### DESCRIPTION OF THE TASK
Pictures aside, the data must be reproduced exactly.

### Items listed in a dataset
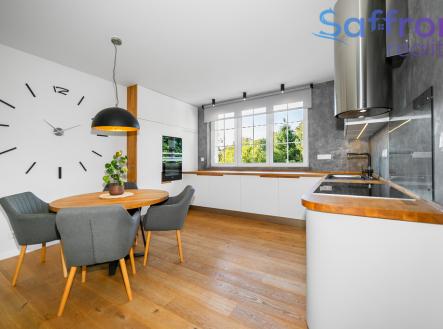 10.jpg | Prodej bytu, 6+1, 209 m²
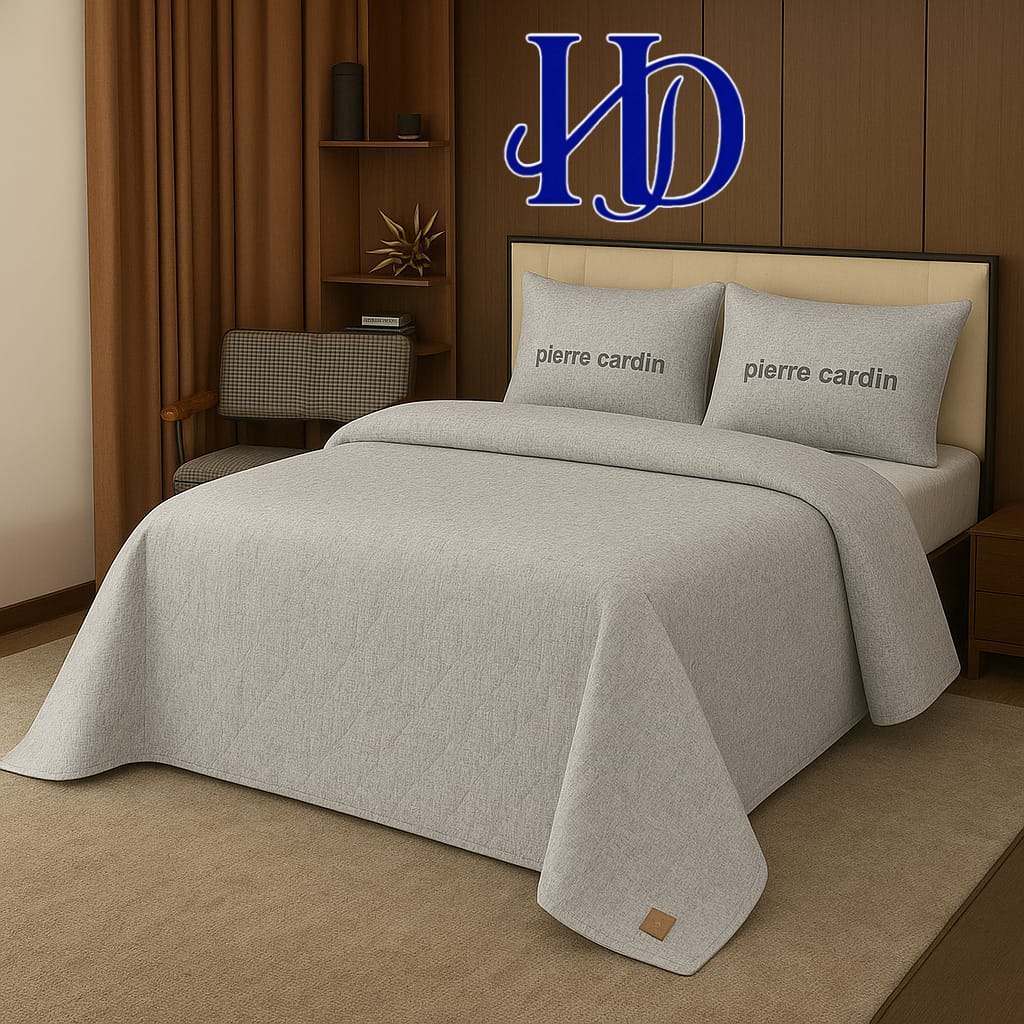 Pierre Cardin textured quilt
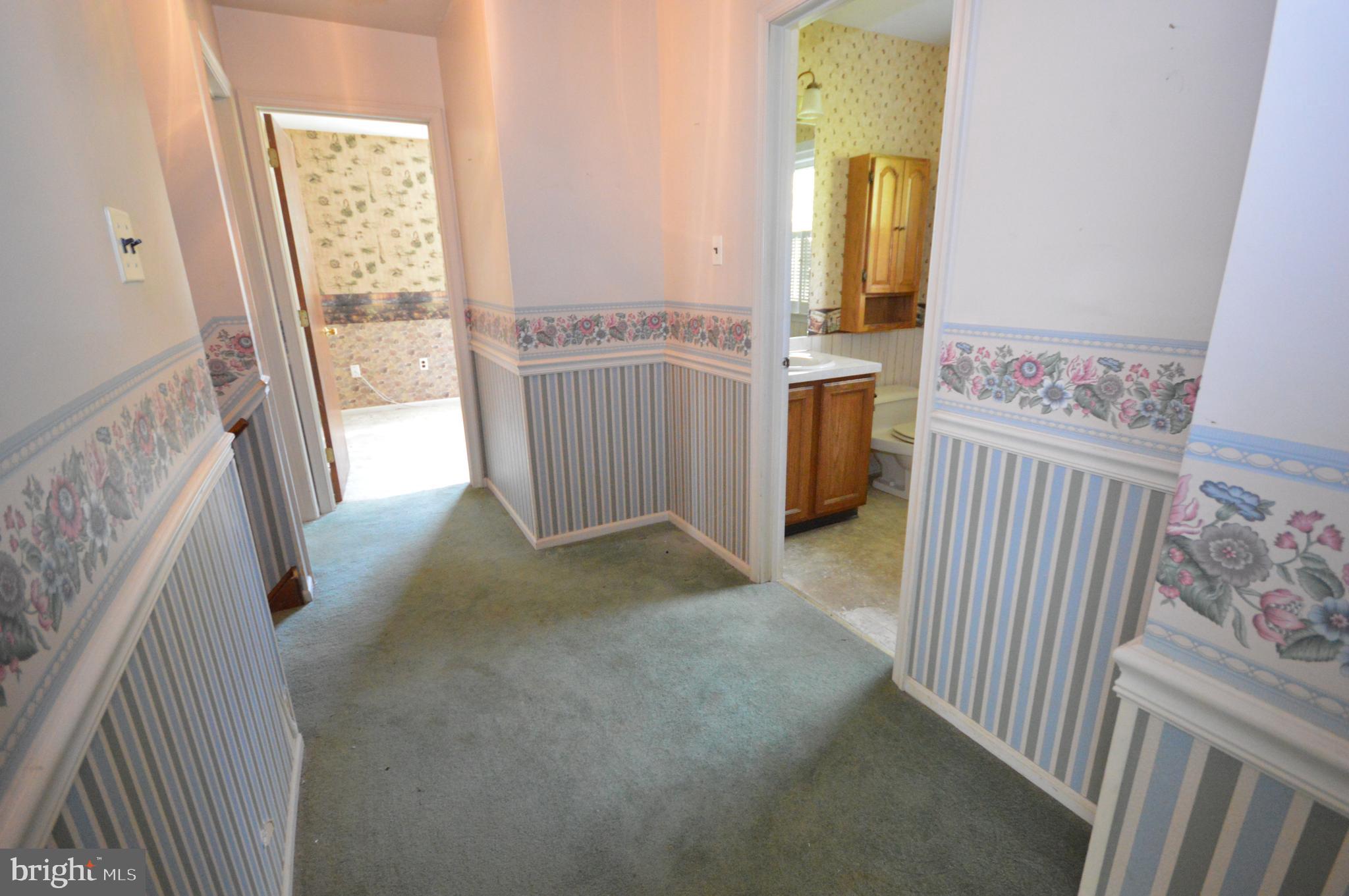 AUBURN CREST - Residential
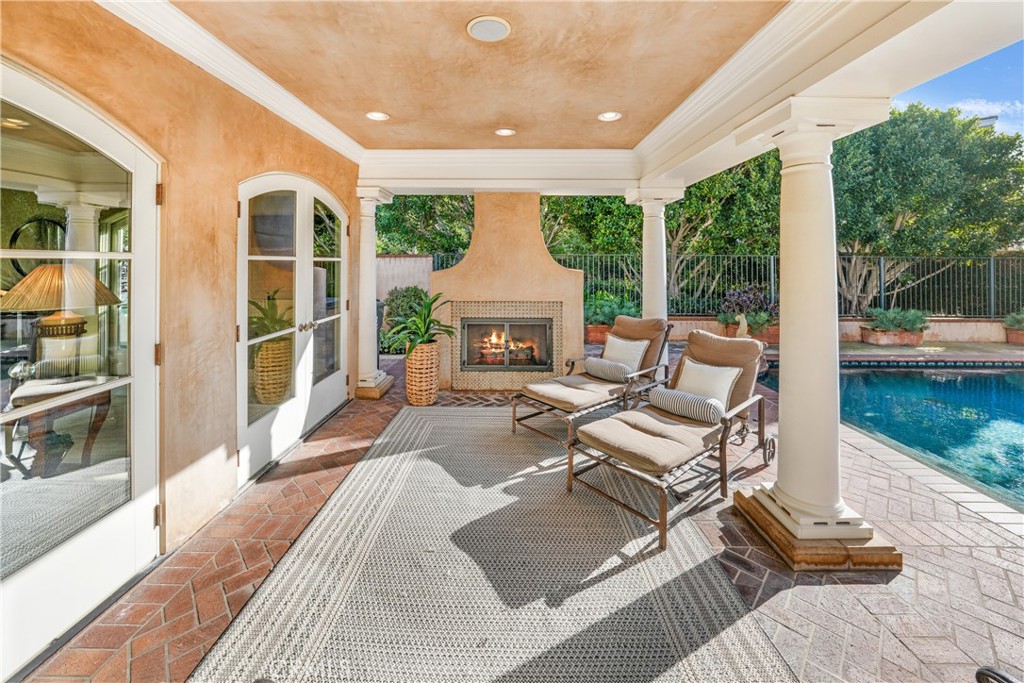 Huntington Beach, California, 92649, United States, 5 Bedrooms Bedrooms, ,5 BathroomsBathrooms,Residential,For Sale,1991081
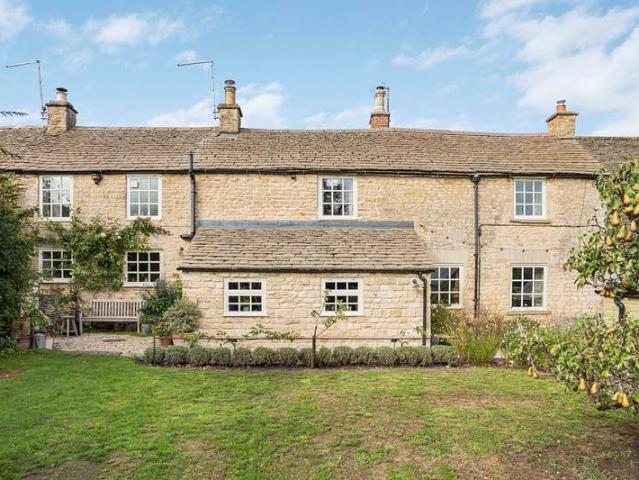 Cottage for sale in Fossebridge, Gloucestershire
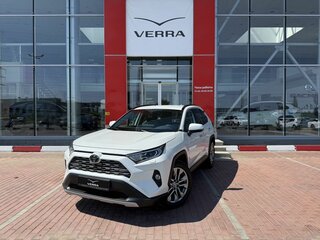2021 Toyota RAV4 V (XA50), белый, 3850000 рублей, вид 1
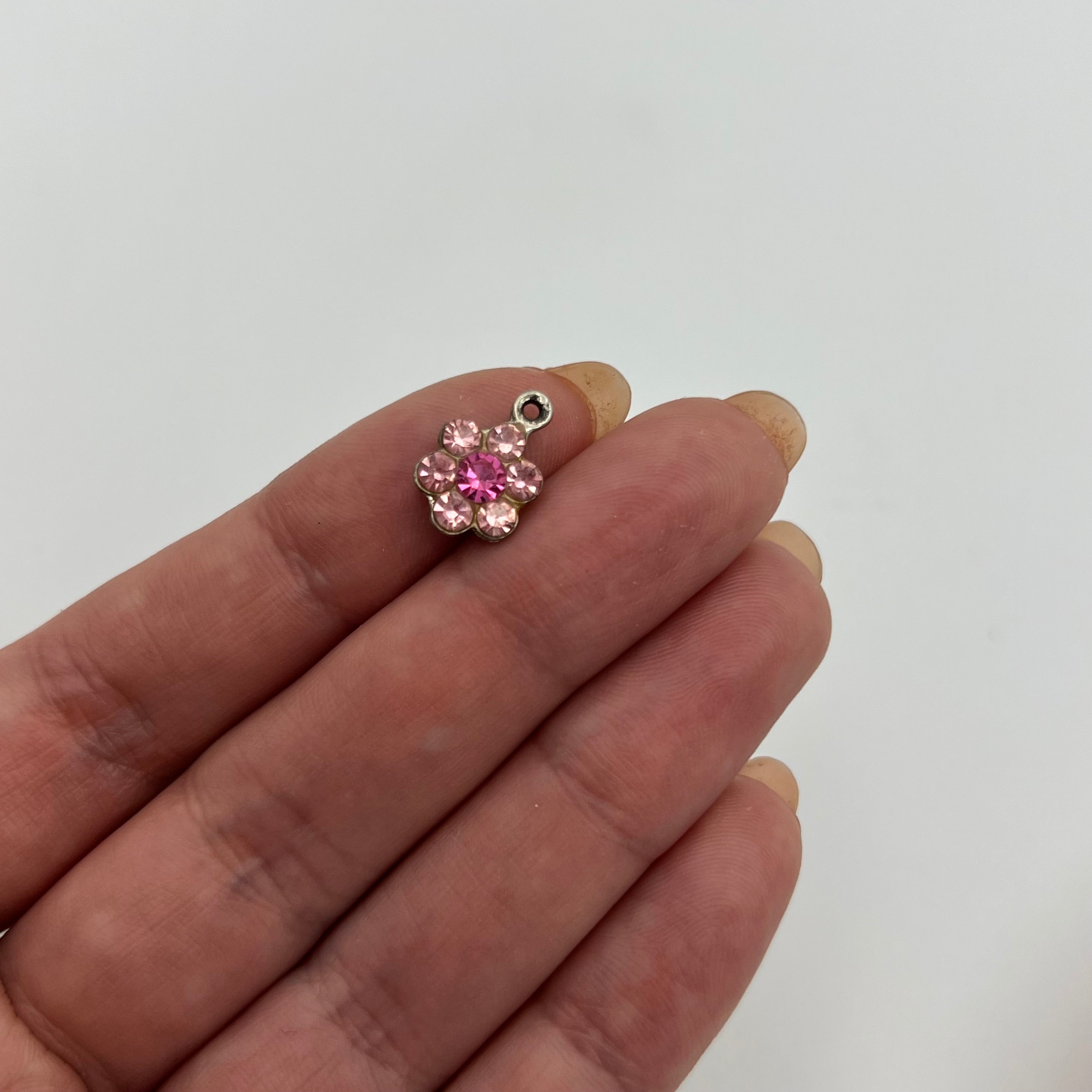 💕 Pink Flower Charm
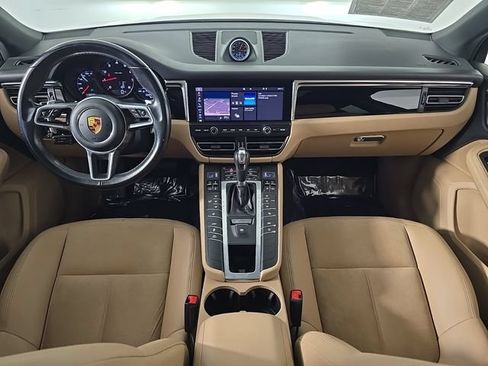 Used 2020 Porsche Macan AWD/4WD image 28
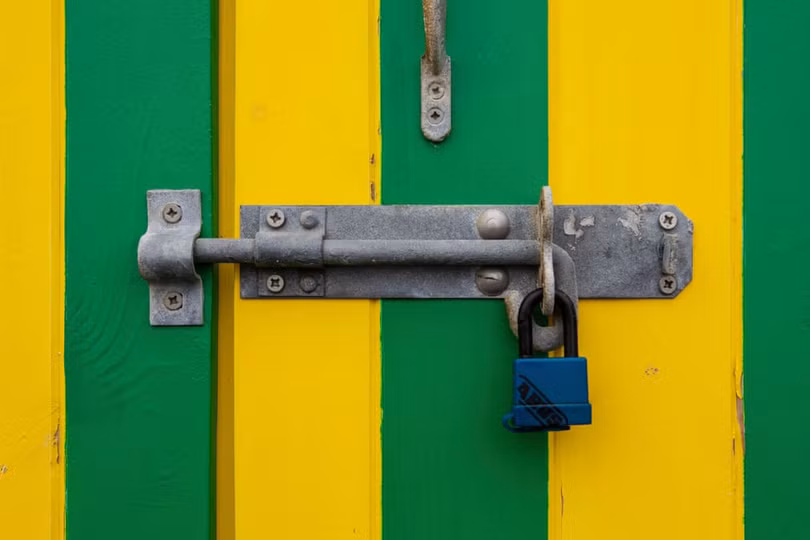 Nhiếp ảnh gia chụp hơn 400 ổ khóa trong mùa dịch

### ANSWER BOX
 10.jpg | Prodej bytu, 6+1, 209 m²
 Pierre Cardin textured quilt
 AUBURN CREST - Residential
 Huntington Beach, California, 92649, United States, 5 Bedrooms Bedrooms, ,5 BathroomsBathrooms,Residential,For Sale,1991081
 Cottage for sale in Fossebridge, Gloucestershire
2021 Toyota RAV4 V (XA50), белый, 3850000 рублей, вид 1
 💕 Pink Flower Charm
 Used 2020 Porsche Macan AWD/4WD image 28
 Nhiếp ảnh gia chụp hơn 400 ổ khóa trong mùa dịch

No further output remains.